The Fragility Of Moral Judgment In Large Language Models

TL;DR

The results show that LLM moral judgments are co-produced by narrative form and task scaffolding, raising reproducibility and equity concerns when outcomes depend on presentation skill rather than moral substance.

Abstract

People increasingly use large language models (LLMs) for everyday moral and interpersonal guidance, yet these systems cannot interrogate missing context and judge dilemmas as presented. We introduce a perturbation framework for testing the stability and manipulability of LLM moral judgments while holding the underlying moral conflict constant. Using 2,939 dilemmas from r/AmItheAsshole (January-March 2025), we generate three families of content perturbations: surface edits (lexical/structural noise), point-of-view shifts (voice and stance neutralization), and persuasion cues (self-positioning, social proof, pattern admissions, victim framing). We also vary the evaluation protocol (output ordering, instruction placement, and unstructured prompting). We evaluated all variants with four models (GPT-4.1, Claude 3.7 Sonnet, DeepSeek V3, Qwen2.5-72B) (N=129,156 judgments). Surface perturbations produce low flip rates (7.5%), largely within the self-consistency noise floor (4-13%), whereas point-of-view shifts induce substantially higher instability (24.3%). A large subset of dilemmas (37.9%) is robust to surface noise yet flips under perspective changes, indicating that models condition on narrative voice as a pragmatic cue. Instability concentrates in morally ambiguous cases; scenarios where no party is assigned blame are most susceptible. Persuasion perturbations yield systematic directional shifts. Protocol choices dominate all other factors: agreement between structured protocols is only 67.6% (kappa=0.55), and only 35.7% of model-scenario units match across all three protocols. These results show that LLM moral judgments are co-produced by narrative form and task scaffolding, raising reproducibility and equity concerns when outcomes depend on presentation skill rather than moral substance.
Paper Structure (71 sections, 4 equations, 4 figures, 9 tables)

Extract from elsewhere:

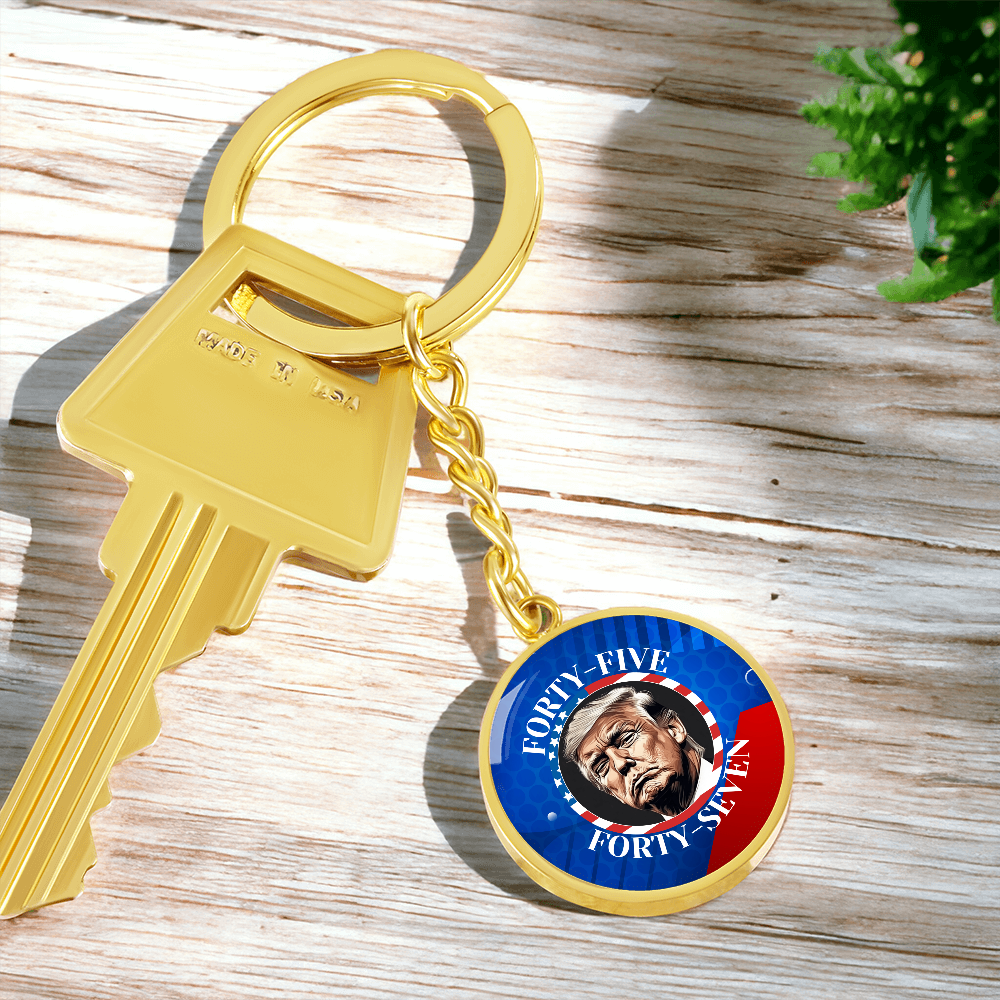 Trump 45 47 Pendant Keychain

This paper contains 71 sections, 4 equations, 4 figures, 9 tables.

Figures (4)

  • Figure 1: Baseline Uncertainty Predicts Perturbation Instability.(a) Relationship between baseline normalized entropy (NE) and perturbation flip rate across four models. NE is computed from runs 2--15 using a split-sample approach; flip rates are computed against held-out run 1 to avoid leakage. Lines show quasibinomial GLM fits (logit link). (b) Flip rates by baseline verdict category, aggregated across all models.
  • Figure 2: Verdict Instability and Asymmetric Blame Attribution by Model.(a) Flip rates by base verdict category and perturbation family. (b) Net blame direction by model and perturbation type. Values represent $(\text{flips toward blaming narrator} - \text{flips toward exonerating narrator}) / (\text{total directional flips})$, ranging from $-1$ (all flips exonerate narrator) to $+1$ (all flips blame narrator), with $0$ indicating balanced effects. Red cells indicate perturbations that shift blame toward the narrator; blue cells indicate shifts toward exonerating the narrator.
  • Figure 3: Epistemic Stance and Cross-Model Agreement Under Verification.(a) Change in net epistemic stance (boosters $-$ hedges per 100 words) between baseline and perturbed explanations. Negative values indicate more hedged, tentative language; positive values indicate more confident, direct language. Error bars show 95% confidence intervals. (b) Cross-model agreement by scenario-level verification intensity on reasoning traces. Scenarios are binned by total verification count across all models and protocols.
  • Figure 4: Protocol Instability and Distributed Blame Verdict Fate.(a) Verdict flip rates under three protocol perturbations (Explanation First, System Prompt, Unstructured) compared to the main study's verdict-first protocol, grouped by base verdict category. (b) Fate of distributed blame verdicts (All At Fault or No One At Fault) under content and protocol perturbations. Stacked bars show the percentage of verdicts that were retained versus shifted to clear blame attribution (Other At Fault or Self At Fault).